▶ [Work order]: Under this line are records; the part from the line containing "Kazelina Denim Skirt" through the line containing "New Casual Women's" should be repeated exactly. Please exclude pictures.
-------- Exercise data
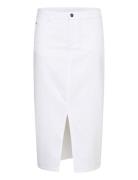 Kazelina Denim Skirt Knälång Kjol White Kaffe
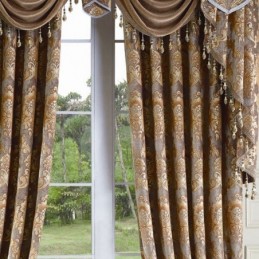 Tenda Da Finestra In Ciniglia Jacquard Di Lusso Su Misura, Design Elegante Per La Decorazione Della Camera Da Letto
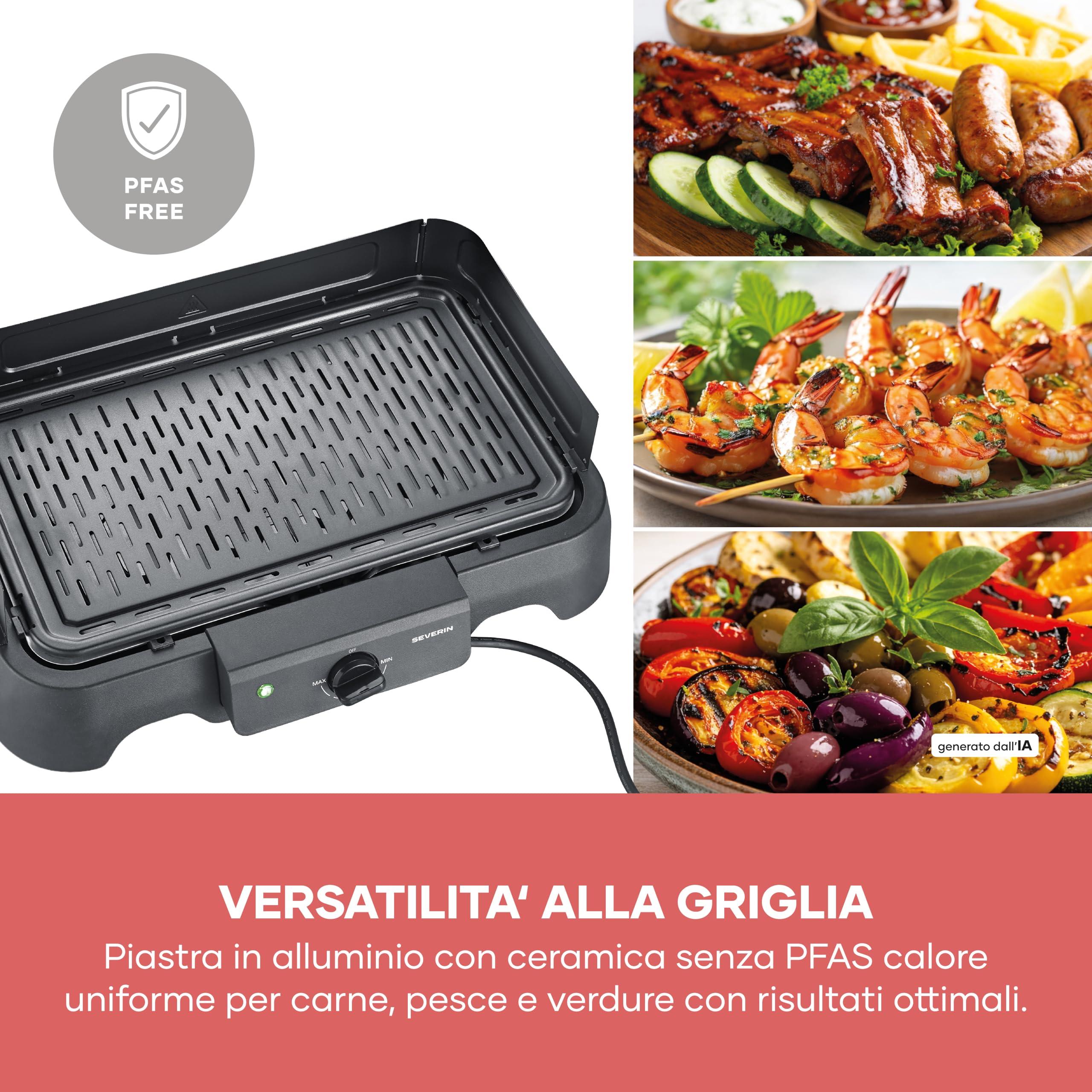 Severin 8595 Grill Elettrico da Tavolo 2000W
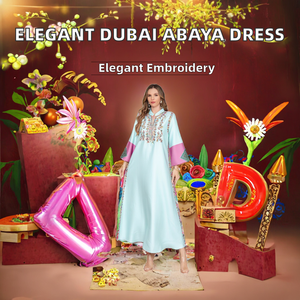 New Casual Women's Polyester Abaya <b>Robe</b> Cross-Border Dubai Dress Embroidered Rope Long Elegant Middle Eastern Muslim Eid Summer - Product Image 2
----------------
-------- Exercise data
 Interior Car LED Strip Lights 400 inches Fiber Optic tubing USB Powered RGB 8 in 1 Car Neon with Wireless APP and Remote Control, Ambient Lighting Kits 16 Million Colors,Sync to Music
----------------
▶ [Solution to the problem]:
 Kazelina Denim Skirt Knälång Kjol White Kaffe
 Tenda Da Finestra In Ciniglia Jacquard Di Lusso Su Misura, Design Elegante Per La Decorazione Della Camera Da Letto
 Severin 8595 Grill Elettrico da Tavolo 2000W
 New Casual Women's Polyester Abaya <b>Robe</b> Cross-Border Dubai Dress Embroidered Rope Long Elegant Middle Eastern Muslim Eid Summer - Product Image 2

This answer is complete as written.